Setting Industry Standards
In addition to API, the organizations involved in spearheading the industry’s sustainability efforts are the International Association of Oil and Gas Producers and the IPIECA, both with headquarters in London.
API represents more than 600 member companies and organizations that produce, process and distribute most of the United States’ energy. Founded in 1919, API reports developing more than 700 industry standards to enhance operational, safety and environmental efficiency and sustainability over the past century.
According to IOGP, its members produce 40 percent of the world’s oil and gas and operate in all producing regions. IPIECA, initially established as the International Petroleum Industry Environmental Conservation Association, is a global oil and gas industry association advancing environmental and social performance, and is the industry’s main channel of engagement with the United Nations.
In March, the three associations jointly released a new edition of their “Sustainability Reporting Guidance for the Oil and Gas industry,” reflecting more than 15 years of collaboration among their member companies.
The guidelines aim at setting out a clear framework for companies to report on how they manage their performance and sustainability efforts, with updates in the new revision to improve reporting on performance indicators related to climate change.
Having clear, consistent and comparable industry reporting standards in sustainability is crucial for a number of reasons, Padilla said.
“On the government side, for example, companies in the U.S. for a while now have been required to report their GHG emissions,” he noted.
Those reports become part of the official U.S. inventory of emissions, used for comparison with other countries and for monitoring compliance with various international accords.

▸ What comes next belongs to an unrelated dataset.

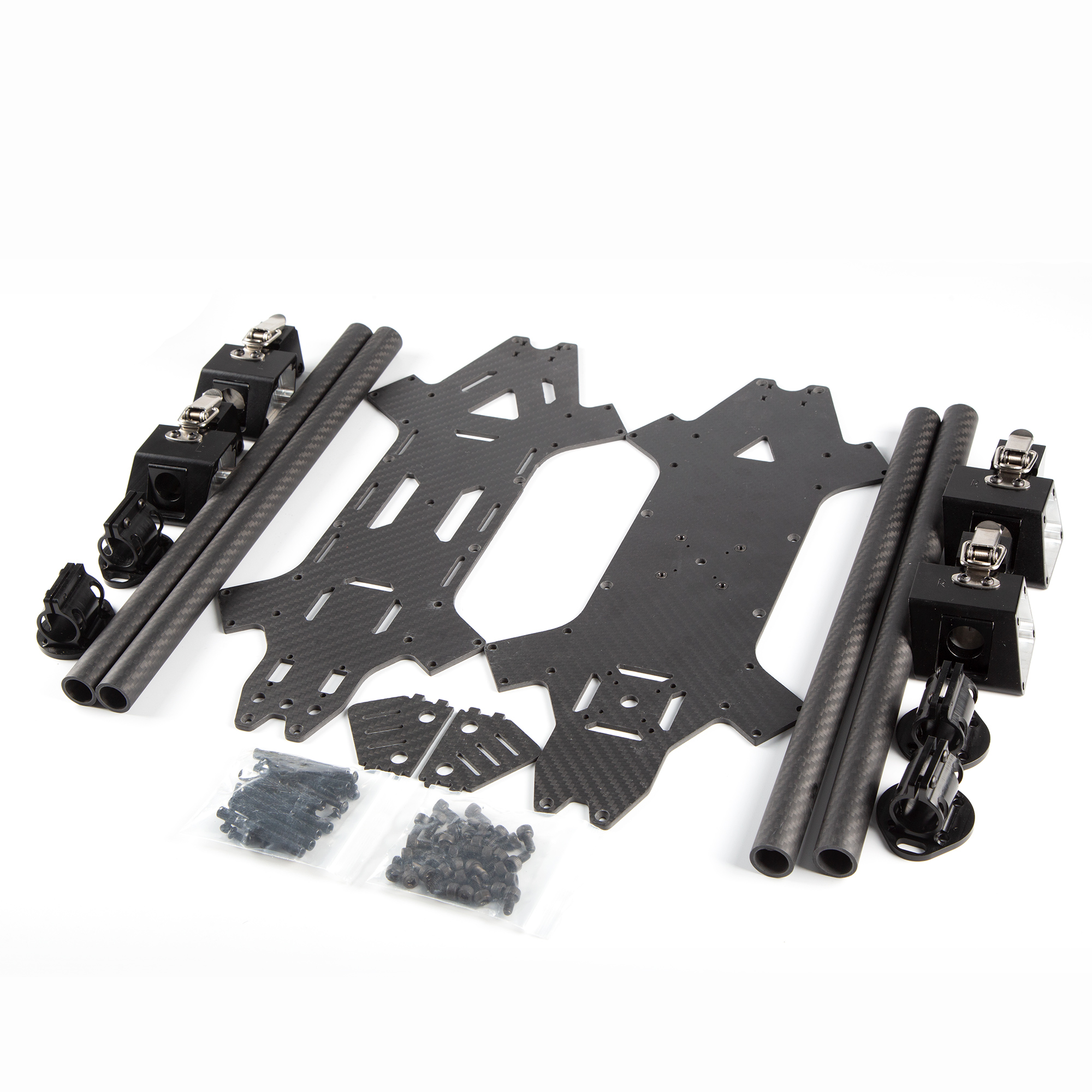 15inch /17inch FPV Carbon Fibe – Crepe Pan Carbon recenzja i cena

Sustainability reporting is also important for financial industry evaluations, Padilla said.
“Banks and investors across the spectrum all have an increasingly sophisticated level of expectations about reporting on sustainability and ESG for our industry,” he explained.
IOGP and IPIECA also have issued an update to their Report 254: “Environmental management in the upstream oil and gas industry.”
According to IPIECA, the report “provides a detailed overview of environmental management practices” in the global energy industry. Its primary focus is on ways to address potential environmental impacts from exploration and production.
Padilla said the industry’s coordinating organizations also have a key role in establishing safety standards and procedures, and in sharing best practices for protecting human health and wellbeing through safe operations.
“I often point out that safety is part of the bread-and-butter for our industry, and it can get overlooked as a part of sustainability,” he said.
In recent years, methane emissions have emerged as a key issue in oil and gas operations. Controlling and reducing those emissions is probably the number one environmental focal point for the industry right now, Padilla said.
“The main proposal and even main challenge for our industry is to reduce the methane intensity of the production and consumption of natural gas,” he observed.
Today, “there are a number of initiatives globally to reduce methane emissions,” he said.
Increased use of natural gas is a sustainability positive because gas displaces higher-carbon, less-efficient energy sources, Padilla said. But methane, the primary component of natural gas, has an intense greenhouse gas effect when released into the atmosphere.
API is addressing the issue by promoting and sharing solutions like no-bleed or low-bleed pneumatic controllers, low-loss gas loading/unloading and enhanced leak detection and repair.
What’s needed “I think, first, is joint action on a voluntary basis within the industry to show that we are being proactive in reducing methane levels on our own,” Padilla noted.
“Our (member) companies are supporting that because we really believe that addressing climate change is a global task,” he said.